*** Supplied material ***

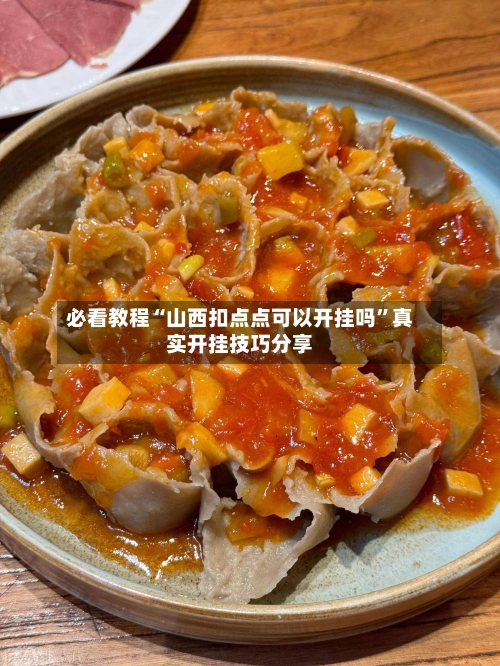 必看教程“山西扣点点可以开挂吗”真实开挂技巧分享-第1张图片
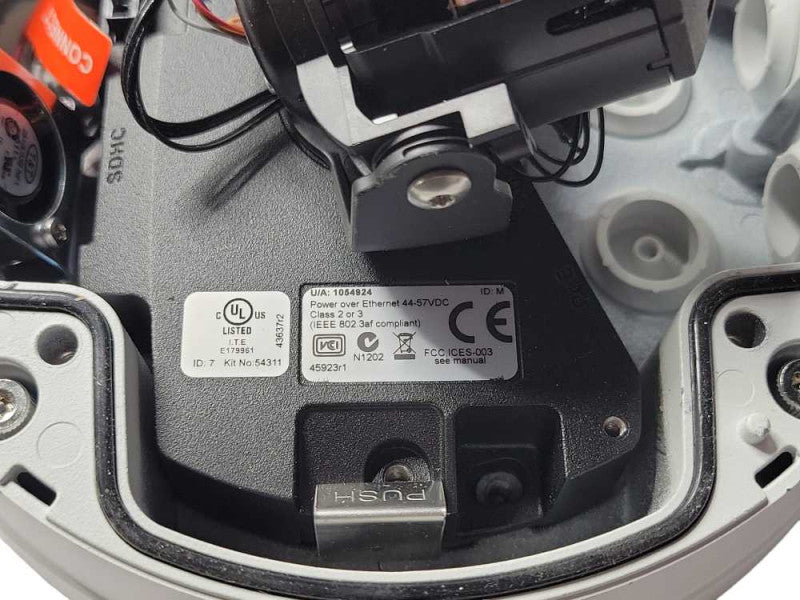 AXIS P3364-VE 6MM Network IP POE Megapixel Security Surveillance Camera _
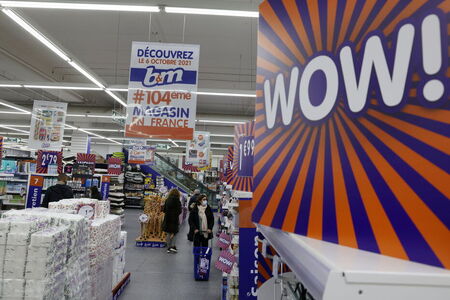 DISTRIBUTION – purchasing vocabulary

*** End of Supplied material ***
*** Supplied material ***

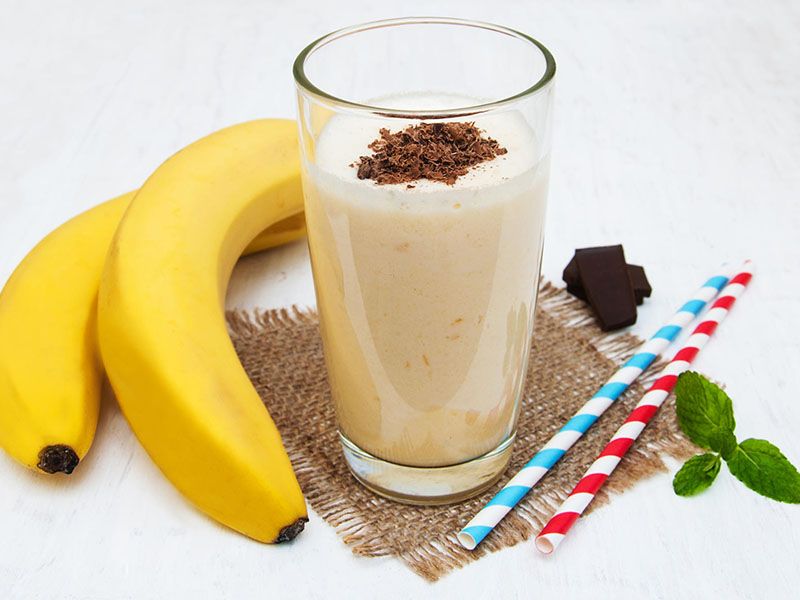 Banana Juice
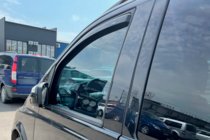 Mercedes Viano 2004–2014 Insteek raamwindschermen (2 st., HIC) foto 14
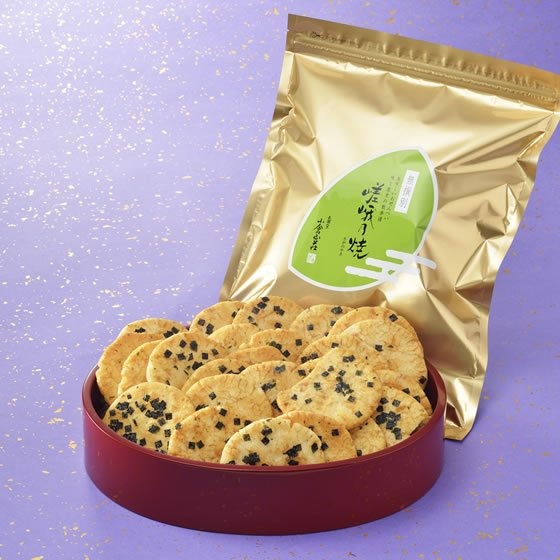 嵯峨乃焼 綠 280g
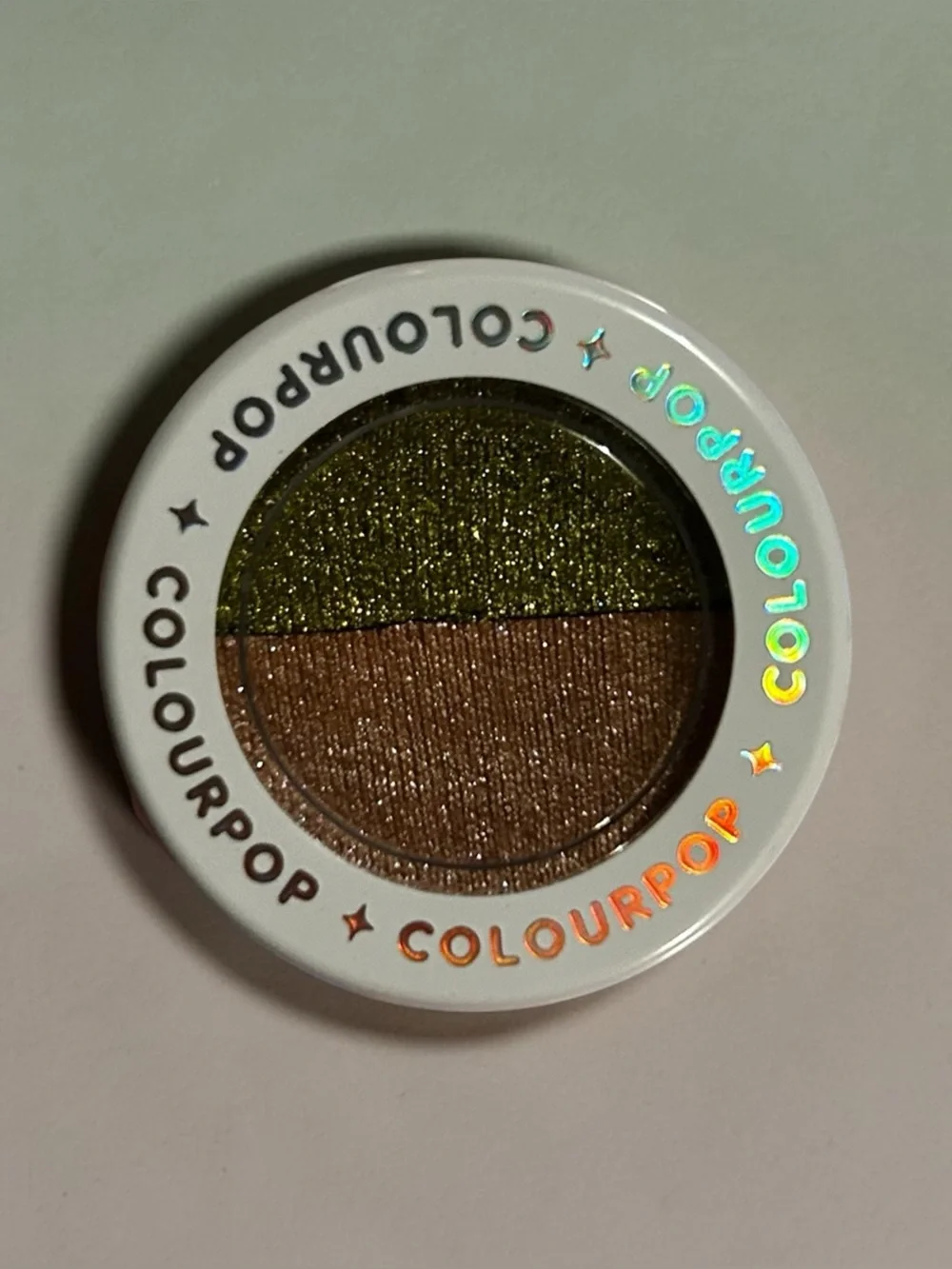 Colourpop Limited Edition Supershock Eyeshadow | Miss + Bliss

*** End of Supplied material ***
*** Supplied material ***

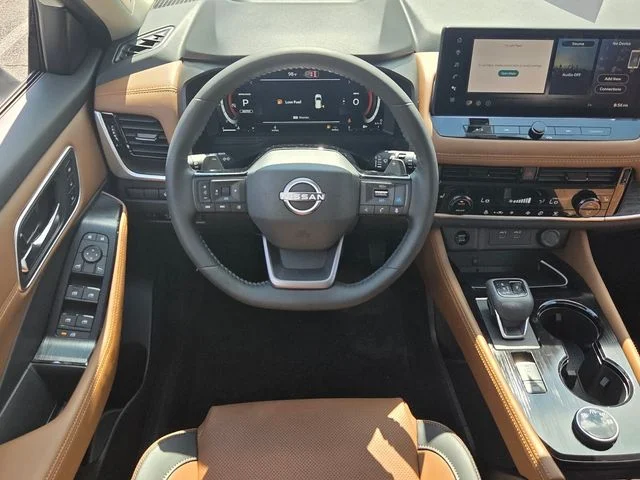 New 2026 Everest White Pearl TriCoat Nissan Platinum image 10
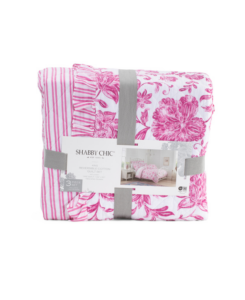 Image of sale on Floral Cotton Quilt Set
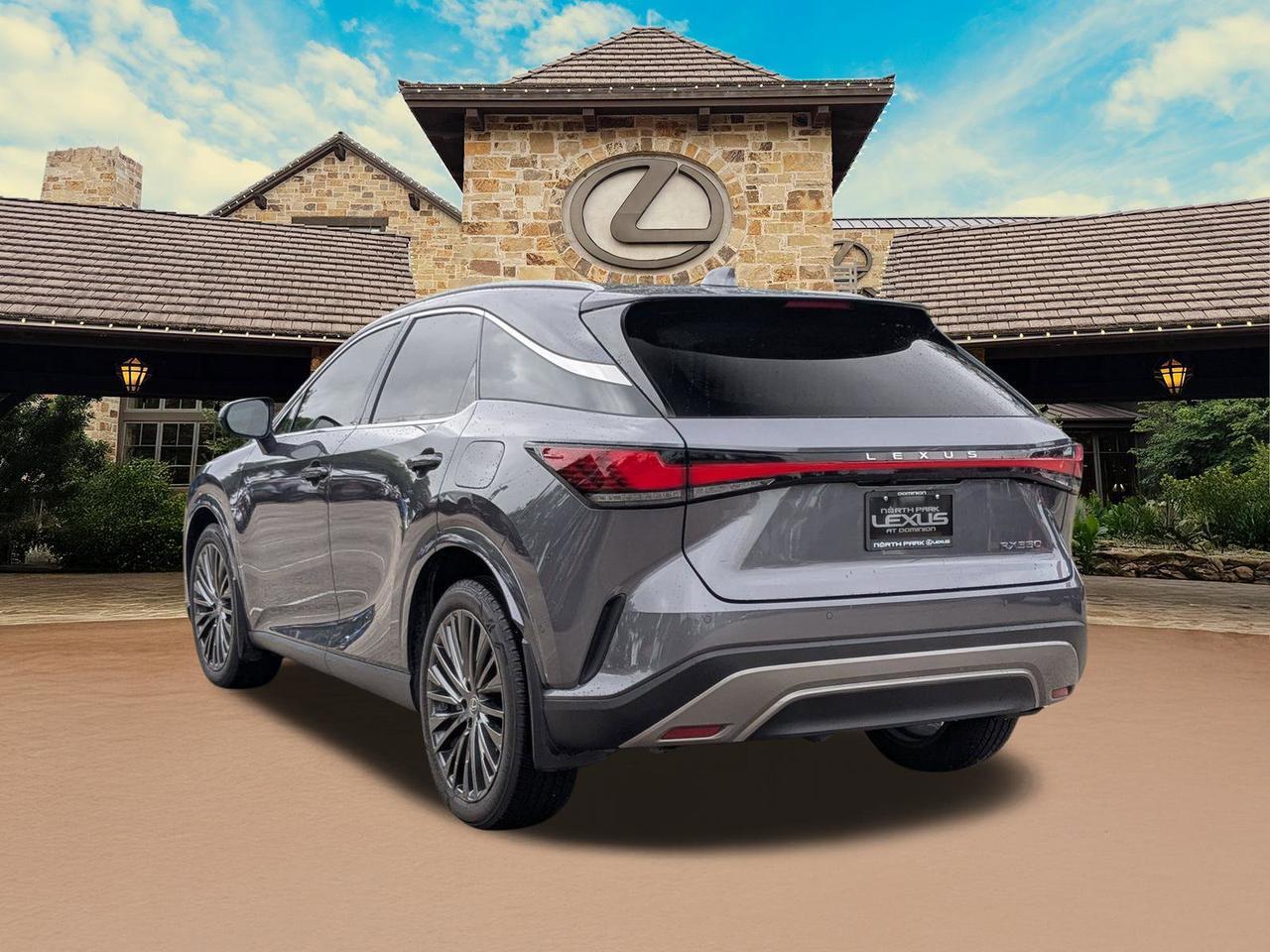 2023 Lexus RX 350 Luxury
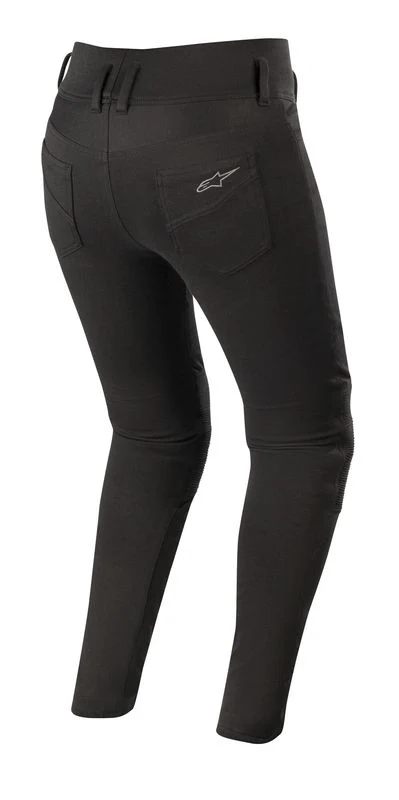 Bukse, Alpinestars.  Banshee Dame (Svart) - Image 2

*** End of Supplied material ***

[Problem to work on]:
Beginning at the line above that contains "嵯峨乃焼 綠 280g", repeat each line exactly through the one that contains "Colourpop Limited Edition", and leave out the pictures.

[Result for this task]:
 嵯峨乃焼 綠 280g
 Colourpop Limited Edition Supershock Eyeshadow | Miss + Bliss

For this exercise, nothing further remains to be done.